ライブラリを設定します

データプロセッシングライブラリコンポーネントは、複数の設定ファイル形式をサポートする typesafe 設定ライブラリを使用して設定されます。手動編集に推奨されるファイル形式は、インクルード、環境変数への参照などを含む単純化された JSON 構文を定義する HOCON 形式です。

設定パラメータは、batch-coreリソースのreference.confファイルにあります。

以下のスニペットには、このファイルの内容が表示されます。このファイルには、使用可能な設定パラメータと、該当する場合はそのデフォルト値が記載されています。一部のパラメーターは、常にアプリケーションレベルで定義する必要があるため、コメント化されます。

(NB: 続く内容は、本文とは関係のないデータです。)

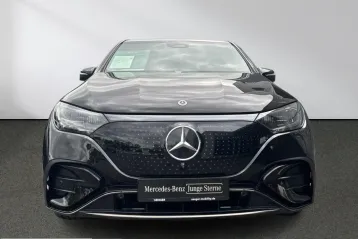 Mercedes-Benz EQE din 2025 - oferta MER251847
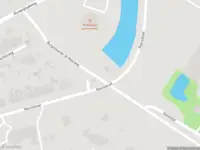 Overlastmelding Burgemeester de Moorweg in Kamperland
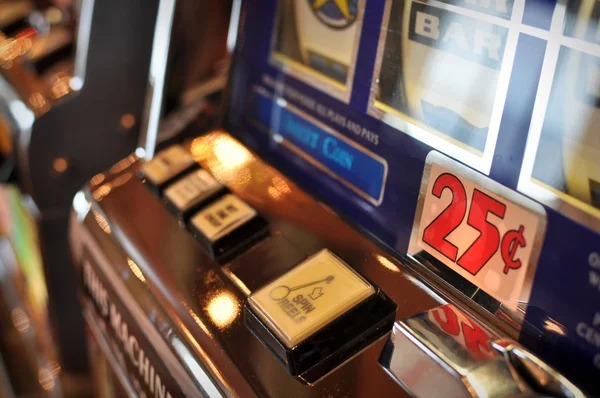 k444 Tournament Sportsbook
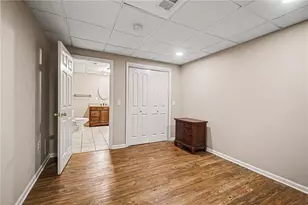 1166 Harrowgrove Ct SW, Marietta, GA 30064 - Photo 21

// The here.platform.data-processing.driver section defines common parameters used
// across the processing library as well as in compilers.
// Changing this won't trigger a full compilation, thus the user code must not use these parameters to affect its behaviour.
here.platform.data-processing.driver {

  // The Application name in Spark
  appName = "DataProcessing"

  parallelRetrievers = 4    // how many partitions to retrieve in parallel per task (used by state mgmt)
  parallelUploads = 4       // how many partitions to upload in parallel per task (used by publishing and state mgmt)
  uniquePartitionLimitInBytes = 1024 // partitions which have size in bytes bigger than limit are assumed to be unique
  numCommitPartitions = 85  // how many multiparts in DS commit, must be <99 due to DS limit and the library use

  disableIncremental = false // if true, disables incremental compilation. This does not apply to:
                             // - Incremental publishing.
                             // - Skipped compilations in case no input layer has changed.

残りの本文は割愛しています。